Plusieurs civils ont trouvé la mort en Casamance lundi 21 novembre 2011. L’attaque armée, perpétrée  dans une forêt, près du village de Diagnon, à une trentaine de km de Ziguinchor, principale ville de la région sénégalaise, aurait été menée par des « rebelles du MFDC » (le Mouvement des forces démocratiques de Casamance, un groupe indépendantiste fondé en 1982), selon les dires d’un élu local, sous couvert d’anonymat. « Ils sont toujours là, c’est eux qui ont commis cet acte ignoble », a-t-il fustigé. « Il y a eu dix morts », a-t-il indiqué.

Une source militaire a indiqué pour sa part que des militaires avaient trouvé sur les lieux de l’attaque « six corps criblés de balles », précisant que d’autres civils auraient disparu. « Selon les villageois, plus de vingt personnes » sont allées travailler dans la forêt « et plusieurs manquent à l’appel », a expliqué la source militaire, qui témoigne également sous couvert d’anonymat.

Milliers de victimes

Depuis une trentaine d’année, la Casamance est le théâtre d’un conflit larvé. Fin 2010 et début 2011, un regain de violence avait provoqué la mort d’une vingtaine de militaires, selon le rapport de l’armée sénégalaise.

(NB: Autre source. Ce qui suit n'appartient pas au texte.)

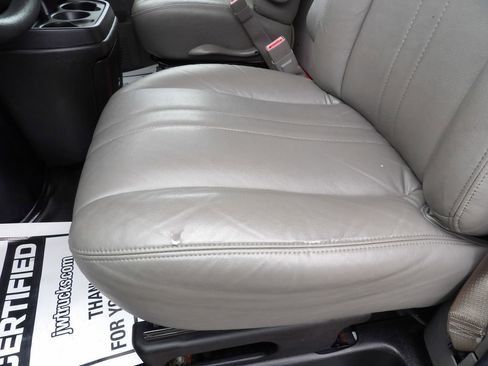 Used 2021 GMC Savana 3500 Extended w/ Power Convenience Package image 18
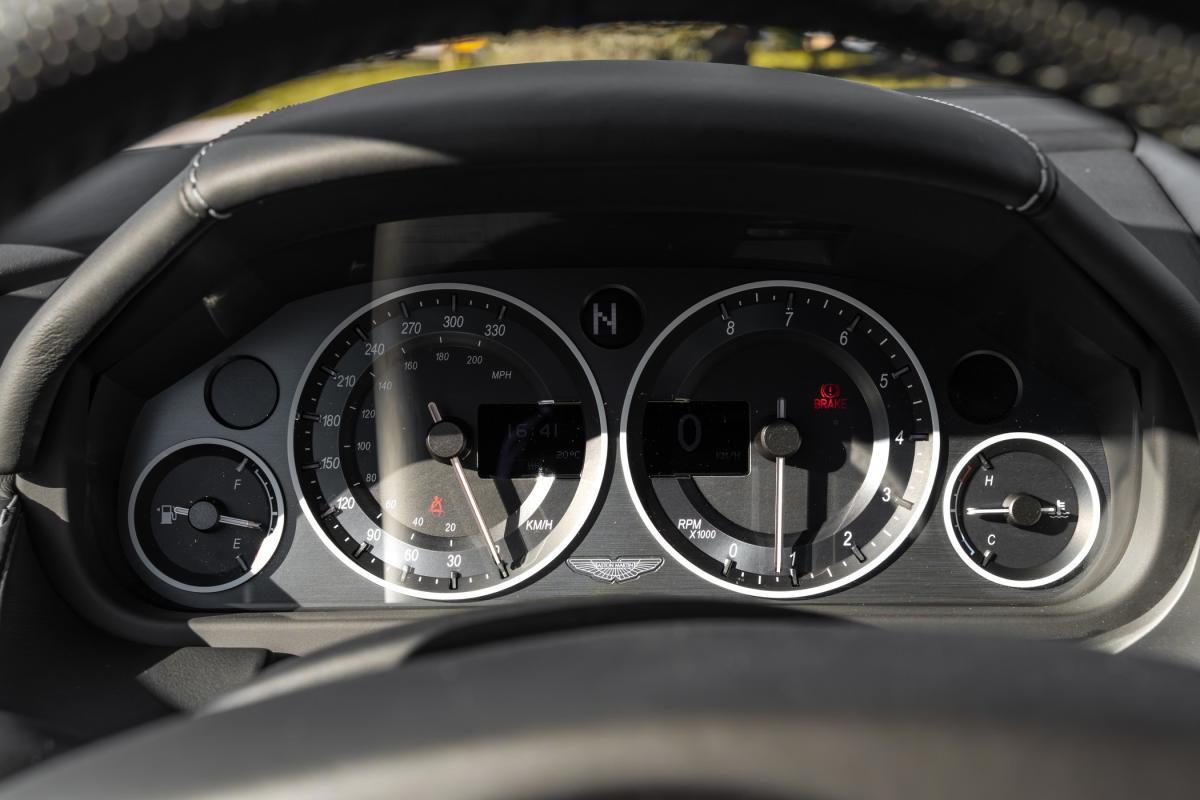 aston-martin-vantage-coupe-2018-gasolina-5935cc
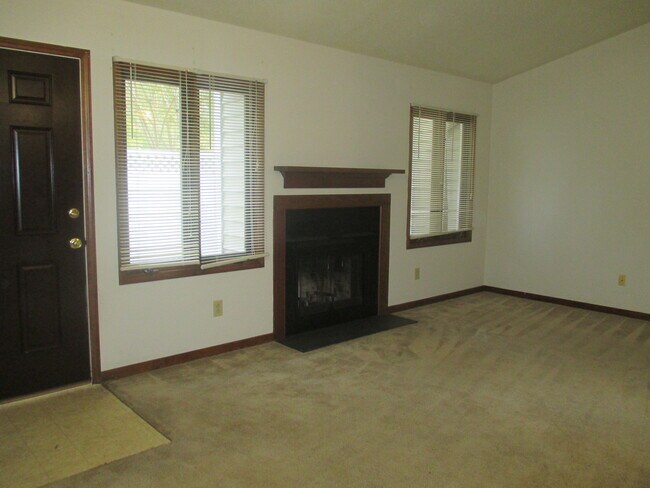 Building Photo - 1554 College Way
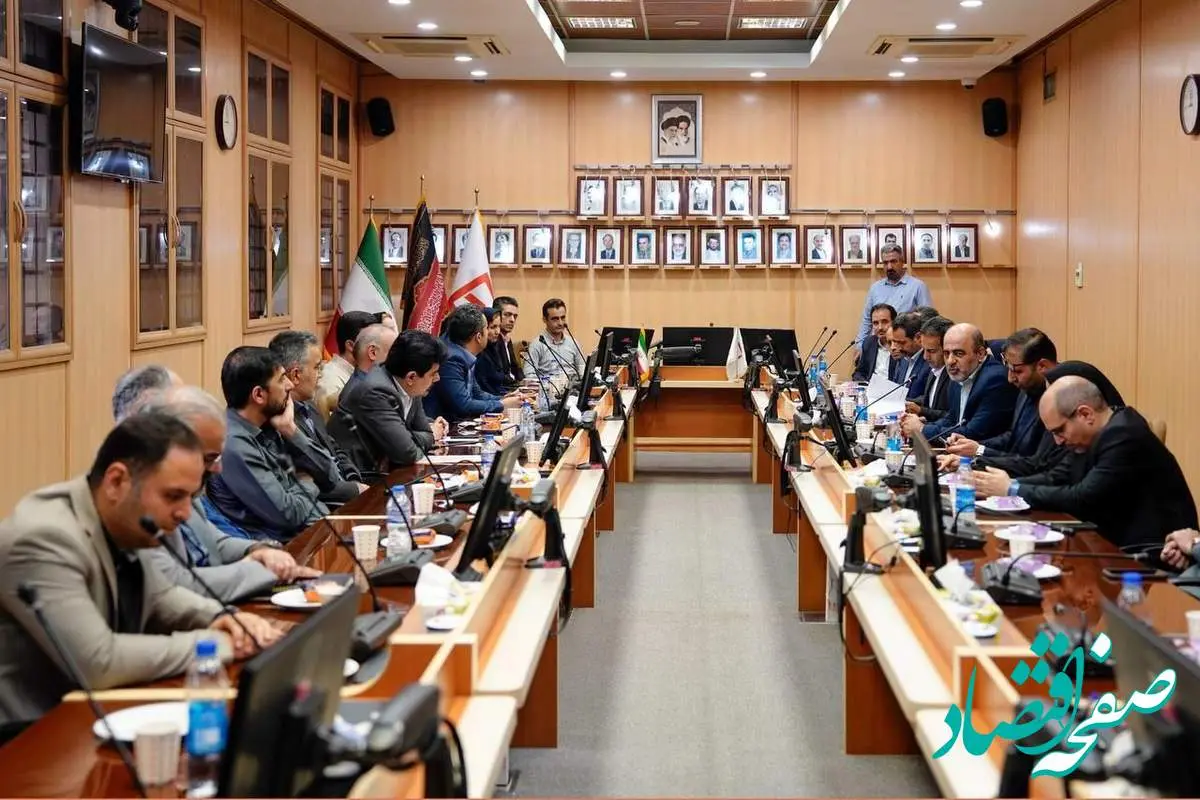 قدردانی از همکاران حوزه فناوری اطلاعات بانک مسکن/تاکید بر نقش تاثیرگذار حوزه فناوری در پیشبرد اهداف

De nombreux rebelles présumés auraient aussi été exécutés, mais aucun bilan indépendant du nombre de personnes décédées n’est disponible.

Quant aux accords de paix signés entre Dakar et le MFDC, ils n’ont jamais permis de trouver une issue à ce conflit. Le mouvement indépendantiste casamançais est aujourd’hui divisé, notamment depuis le décès en 2007 de son leader l’abbé Diamacoune Senghor, ce qui a comme conséquence de rendre plus difficiles encore les négociations.

Depuis 1982, le nombre de victimes civiles et militaires se chiffrerait en milliers de personnes. Les mines antipersonnelles sont notamment une des causes de décès, elles auraient provoqué la mort de 776 personnes selon un bilan officiel.

Suite à la multiplication de braquages et attaques attribués au MFDC, le Sénégal et la Guinée-Bissau avaient décidé en septembre 2011 de mettre en place des patrouilles militaires conjointes le long de leur frontière commune pour renforcer la sécurité.